_TASK DIRECTIONS:_ Exactly the lines from the opening of the data through the line containing "Магнитный трековый светильник" should be reproduced, please, with nothing added.

_TASK INPUT:_

Content starts

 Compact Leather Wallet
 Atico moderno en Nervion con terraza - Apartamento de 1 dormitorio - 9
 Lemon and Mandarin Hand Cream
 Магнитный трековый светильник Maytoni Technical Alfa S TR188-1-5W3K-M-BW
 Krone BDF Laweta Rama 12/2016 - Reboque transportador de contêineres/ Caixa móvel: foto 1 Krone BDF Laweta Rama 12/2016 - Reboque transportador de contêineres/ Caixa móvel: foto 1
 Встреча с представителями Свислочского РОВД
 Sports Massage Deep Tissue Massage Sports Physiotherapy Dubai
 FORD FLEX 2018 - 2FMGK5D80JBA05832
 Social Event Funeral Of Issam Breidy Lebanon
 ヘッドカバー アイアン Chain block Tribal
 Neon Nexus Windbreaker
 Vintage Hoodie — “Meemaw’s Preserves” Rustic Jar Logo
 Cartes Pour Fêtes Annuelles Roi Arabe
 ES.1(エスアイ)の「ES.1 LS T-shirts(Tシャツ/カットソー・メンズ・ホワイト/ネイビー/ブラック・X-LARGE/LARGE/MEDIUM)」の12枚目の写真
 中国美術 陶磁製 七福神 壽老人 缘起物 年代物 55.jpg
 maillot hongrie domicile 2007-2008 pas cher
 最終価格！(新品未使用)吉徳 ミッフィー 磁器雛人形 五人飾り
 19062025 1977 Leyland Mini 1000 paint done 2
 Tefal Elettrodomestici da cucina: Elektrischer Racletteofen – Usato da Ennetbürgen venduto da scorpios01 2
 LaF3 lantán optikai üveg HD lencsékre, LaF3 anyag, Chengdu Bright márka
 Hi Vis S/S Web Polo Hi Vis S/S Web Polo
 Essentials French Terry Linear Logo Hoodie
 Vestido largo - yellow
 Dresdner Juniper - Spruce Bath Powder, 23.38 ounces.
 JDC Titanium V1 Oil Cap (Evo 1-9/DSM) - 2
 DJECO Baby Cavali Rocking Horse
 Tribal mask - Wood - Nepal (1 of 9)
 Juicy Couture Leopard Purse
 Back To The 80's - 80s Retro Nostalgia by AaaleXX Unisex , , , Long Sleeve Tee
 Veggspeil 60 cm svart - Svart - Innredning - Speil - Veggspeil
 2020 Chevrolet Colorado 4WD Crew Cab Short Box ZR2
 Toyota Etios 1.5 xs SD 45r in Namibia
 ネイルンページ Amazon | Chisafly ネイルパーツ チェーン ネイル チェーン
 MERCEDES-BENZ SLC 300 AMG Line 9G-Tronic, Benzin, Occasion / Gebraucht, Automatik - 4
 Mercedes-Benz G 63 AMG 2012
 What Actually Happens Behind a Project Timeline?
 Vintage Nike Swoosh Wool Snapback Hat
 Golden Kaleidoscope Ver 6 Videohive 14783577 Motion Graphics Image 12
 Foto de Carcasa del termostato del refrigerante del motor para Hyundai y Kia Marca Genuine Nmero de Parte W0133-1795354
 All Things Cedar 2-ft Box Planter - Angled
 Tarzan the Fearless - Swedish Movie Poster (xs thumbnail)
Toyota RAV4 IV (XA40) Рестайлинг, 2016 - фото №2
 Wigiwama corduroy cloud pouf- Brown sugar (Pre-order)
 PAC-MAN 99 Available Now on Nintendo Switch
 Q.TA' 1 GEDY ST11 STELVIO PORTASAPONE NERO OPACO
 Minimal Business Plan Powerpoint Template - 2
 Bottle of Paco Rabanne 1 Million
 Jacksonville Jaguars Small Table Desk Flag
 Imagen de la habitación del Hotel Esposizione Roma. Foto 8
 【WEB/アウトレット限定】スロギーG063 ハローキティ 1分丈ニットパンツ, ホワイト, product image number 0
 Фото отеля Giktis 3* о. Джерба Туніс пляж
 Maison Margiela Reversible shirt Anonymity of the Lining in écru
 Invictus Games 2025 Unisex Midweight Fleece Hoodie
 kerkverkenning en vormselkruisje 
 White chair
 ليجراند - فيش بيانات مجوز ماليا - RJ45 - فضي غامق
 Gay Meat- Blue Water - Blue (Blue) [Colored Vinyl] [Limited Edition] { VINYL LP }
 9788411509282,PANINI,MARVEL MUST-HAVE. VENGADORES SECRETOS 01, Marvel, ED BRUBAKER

Content ends

_TASK SOLUTION:_
 Compact Leather Wallet
 Atico moderno en Nervion con terraza - Apartamento de 1 dormitorio - 9
 Lemon and Mandarin Hand Cream
 Магнитный трековый светильник Maytoni Technical Alfa S TR188-1-5W3K-M-BW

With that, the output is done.